10728 - 134 Avenue NW, Edmonton AB

Northbound 97 Street gently crests the Yellowhead overpass then dips beneath the CN line before emerging in Rosslyn, a hub of Islamic culture in Edmonton.  It is a flat landscape of post-war bungalows, but to the south the sharp geometry of Al Rashid Mosque reaches above the soccer fields and rowhouses. The strip-malls along 134 Avenue include halal butchers, a hookah supplier, the El Safadi super market, and one of Edmonton’s great lunch counters: Sunbake Pita Bakery.  The quality, consistency, and variety at Sunbake can reward not just multiple visits, but years of patronage.

Sunbake makes two styles of flatbread.  Tannour is the common, thin-but-sturdy pita, about 8” across, puffed in a deck oven to create the signature pocket.  Sunbake produces this version on an industrial scale to be bagged, racked, loaded into vans, and zipped to every corner of the city.  Saj pita is made from dough that is stretched thin, nearly to transparency, then cooked on a special griddle.  Saj is much more difficult to produce en masse, so it doesn’t enjoy the same distribution as tannour, but is available in small quantities at Sunbake.

For a quick lunch, Sunbake shawarma are a reliable choice. Whether made with tannour or saj pita, they are slathered with garlicky toum and filled with shredded chicken and pickles.  As far as shawarma go the chicken at Sunbake is on the dry side, but it’s a textural fantasy as the charred flecks of crispy meat mingle with the cool, crunchy pickles.

The savoury pies called manakeesh are pitas baked with toppings that run the gamut from simple oil-and-spice garnishes to the stuff you might find on a deluxe pizza.  They are served as open rounds, but folded in half to be eaten.  The dough is soft and tender, with patches of cracker-like crispiness.   

For its sheer simplicity and unique flavour, my favourite is the cheese and zaatar pie, with gooey cheese mottled orange and white and a heavy dose of zaatar spice mix.  The oil that comes out of the melted cheese is stained by the spices and carries their flavour beautifully; the combination of sour sumac, nutty sesame seeds, and dried herbs is magic.

The manakeesh variations are vast and worth exploring.  There’s a potato pie with fluffy mounds of barely-cooked grated potato dusted with sumac; the hot chicken has a spicy-sour profile similar to Tabasco; the creamy spinach and cheese pie has a surprisingly intense, searing lemon flavour.

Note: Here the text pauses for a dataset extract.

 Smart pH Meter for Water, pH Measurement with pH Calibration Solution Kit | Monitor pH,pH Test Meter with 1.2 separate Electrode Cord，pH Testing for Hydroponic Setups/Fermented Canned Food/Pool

There are other gems to discover quite apart from the pitas.  The little turnovers called fatayer are stuffed with meat or cheese and folded into shapes that have always reminded me of fancy hats.  On one side of Sunbake there is an entire counter devoted to bulk roasted nuts, and on the other a large cooler with bottles of pop, juice, and tangy fermented kefir.  There are also trays of delicate, leafy pastries, made at Paradiso down the street.